The writing style makes this quite a light, entertaining read -- it's a bit chatty and rambling, with lots of jokes and tangents thrown in. Her likeable personality really shines through. Sometimes Bornstein will highly embellish an event and then 3 pages later will confess that the entire incident was all a lie. About the important stuff, though, she writes candidly -- even when telling the truth makes her look like less than a spectacular person.

So, I suppose a brief summary is in order. Bornstein was born (then Albert) into a fairly average, upper-middle class Jewish family on the Jersey Shore. His father was a super-macho doctor, and Al could never be masculine enough to please him. As a teenage hippie traveling the country, Al stumbles upon Scientology, where the concept of genderless "thetans" holds a unique appeal to the boy who has been hiding the belief that he's a girl for most of his life. He joins up, enlists in their Sea Org, and serves for a decade on a ship right alongside L. Ron Hubbard, until he's summarily kicked out (for reasons that are too convoluted to go into here, so read the damn book). Along the way, he marries three different women in an attempt to "pray the trans away", and has a daughter, Jessica, who he last saw when she was around five years old. He also struggles with depression, alcohol and drug addiction, anorexia, and self-injury. Eventually he sobers up, gets into therapy, starts living as a woman, gets genital reassignment surgery, and discovers she is a lesbian.

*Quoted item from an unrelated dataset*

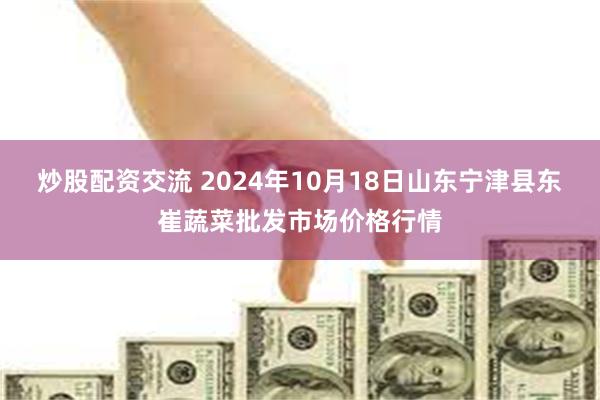 炒股配资交流 2024年10月18日山东宁津县东崔蔬菜批发市场价格行情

There's obviously a whole lot more to it than that, but it's a hell of a life story. There are some really hard parts to read, though. Bornstein's whole reason for writing the book is to reach out to her now-adult daughter in hopes that they will one day reconnect. It's heartbreaking. Additionally, this book should really come with a trigger warning for eating disorders and cutting/SI. I wish someone had warned me, and I'm not usually that sensitive to triggers. Finally, there's a section in the last third of the book that gets pretty heavily into BDSM, and is quite graphic. Just so's you guys know.